El principio de unidad de materia de las normas que el Congreso aprueba no es un capricho: es fundamental para evitar los micos y goles que suelen aparecer en las leyes y actos legislativos inorgánicos en los que la confusión de temas impide que el debate sea transparente.

Y hay más. Los actos legislativos deben ser votados en doble vuelta, lo que implica que el texto haga el recorrido de comisiones y plenarias en cada cámara dos veces para que, al tratarse de un cambio en la Constitución, haya doble certeza. Por eso, es vicio de inconstitucionalidad la introducción de temas nuevos en la segunda vuelta.

La demanda del Fiscal afirma que así ocurrió, entre otros, en el cambio del sistema de juzgamiento de los altos funcionarios que acaba la Comisión de Acusación de la Cámara y la reemplaza por una comisión de aforados. Es verdad que la dichosa Comisión de Acusación no ha servido, pero nada indica que el Tribunal de Aforados, una entidad que no pertenece a ninguna rama del poder y sobre la cual no existe control alguno, vaya a resolver los problemas.
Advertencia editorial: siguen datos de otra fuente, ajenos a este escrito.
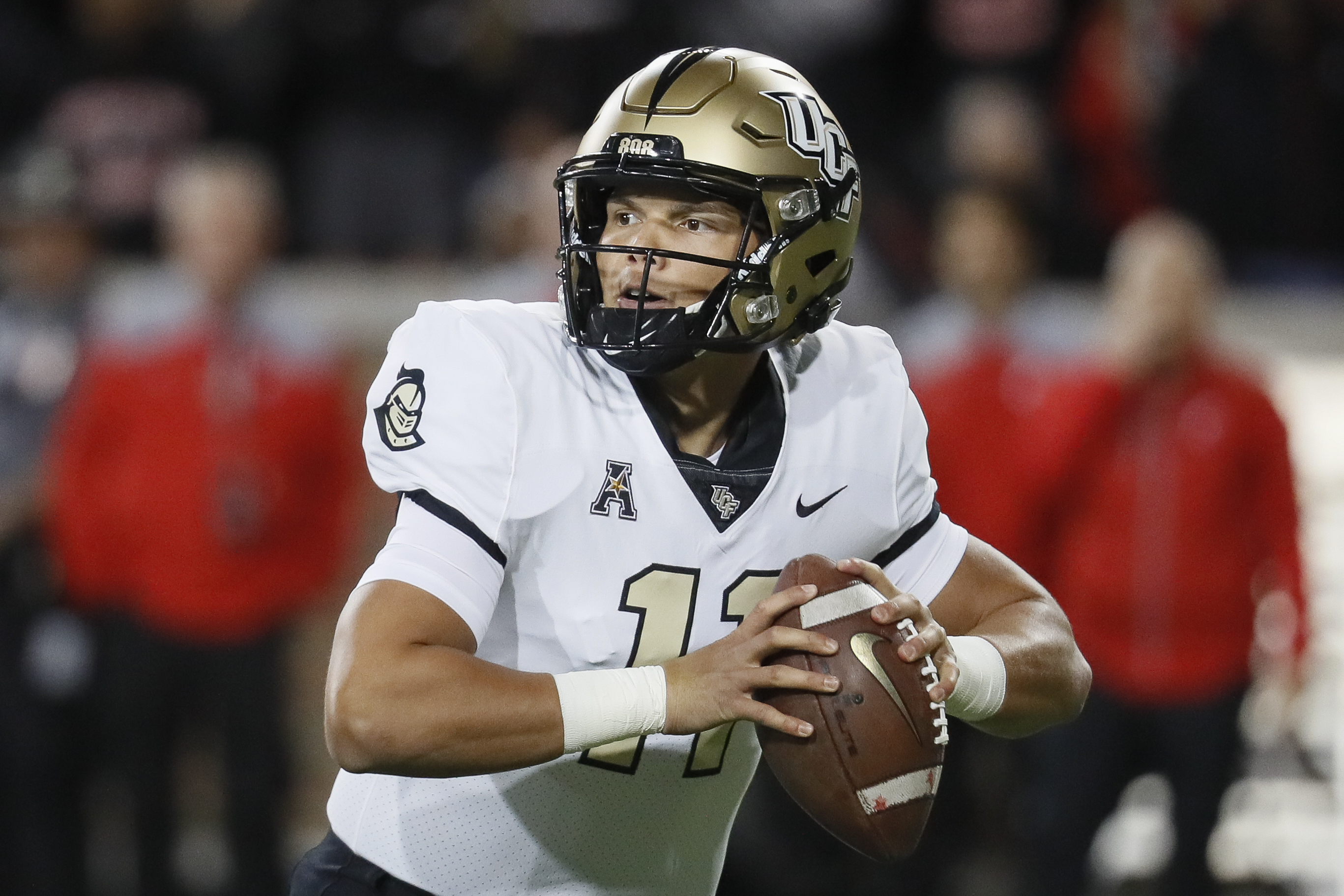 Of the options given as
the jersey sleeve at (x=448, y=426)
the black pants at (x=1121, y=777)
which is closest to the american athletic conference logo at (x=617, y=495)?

Podría, en cambio, convertirse en un Frankenstein omnímodo.

¿Quién elige a sus miembros? El Congreso, de listas enviadas por la Comisión de Gobierno Judicial, integrada por los presidentes de las altas cortes y representantes de los tribunales y los jueces. De este modo, el sistema de roscas, amiguismos y pago de favores entre congresistas y magistrados sigue vigente. Y en cuanto al Gobierno, será otro tribunal a cuyos miembros el Ejecutivo les nombrará recomendados en la frondosa burocracia.

No me quiero detener en otros vicios de la reforma que serán debatidos en las audiencias de la Constitucional. Pero sí en el pecado más importante: que una norma que implicó un esfuerzo legislativo y político tan grande no aborde los grandes problemas de la Justicia, como la impunidad, las roscas, la politización, la corrupción y el clientelismo. Tanta alharaca para una norma que nada resuelve. Ojalá la Corte Constitucional tumbe esta reforma engañabobos.